HEALTH WORKFORCE DEVELOPMENT ROADSHOW

Maori health workforce development organisation Te Rau Matatini is holding a series of regional hui this week to discuss the priorities iwi want to set in the health arena.

Advisor Megan Tunks says it is now well established that many Maori people prefer dealing with Maori health providers, but there is a shortage of available resoureces in the area.

She says the hui will help health providers target their resources better.

The roadshow is at the Manukau Institute of Technology marae in Auckland today, Rotorua tomorrow, Christchurch on Thursday and the Te Rau Matatini offices in Wellington on Friday.

HINEMOA BAKER PICKED FOR UBUD FESTIVAL

Maori musician and poet Hinemoa Baker has been chosen to attend the prestigious Ubud Writers Festiva in Indonesia next week.

The annual five-day Festival has become an important part of Bali's efforts to draw people back after the 2002 Bali bombings.

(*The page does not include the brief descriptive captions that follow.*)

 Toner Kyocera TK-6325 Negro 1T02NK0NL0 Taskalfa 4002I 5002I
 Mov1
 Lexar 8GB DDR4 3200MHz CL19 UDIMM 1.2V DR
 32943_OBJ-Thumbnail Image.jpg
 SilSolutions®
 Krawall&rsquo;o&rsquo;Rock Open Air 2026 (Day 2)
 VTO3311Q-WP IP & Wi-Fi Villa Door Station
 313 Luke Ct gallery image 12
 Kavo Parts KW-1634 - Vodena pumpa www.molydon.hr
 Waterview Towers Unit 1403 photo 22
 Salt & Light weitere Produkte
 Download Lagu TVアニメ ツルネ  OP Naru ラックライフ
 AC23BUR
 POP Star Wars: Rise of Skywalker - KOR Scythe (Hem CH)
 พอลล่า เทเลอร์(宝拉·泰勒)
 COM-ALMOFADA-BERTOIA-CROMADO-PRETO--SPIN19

Ms Baker, who is of Ngai Tahu, Raukawa and German descent, is a late replacement for Ngati Porou writer Apirana Taylor, who couldn't make the trip.

She says she is looking forward to meeting writers from around the world, and hearing a multitude of different languages other than English.

Other writers at the festival include Anita Desai, Madhur Jaffrey and William Dalrymple.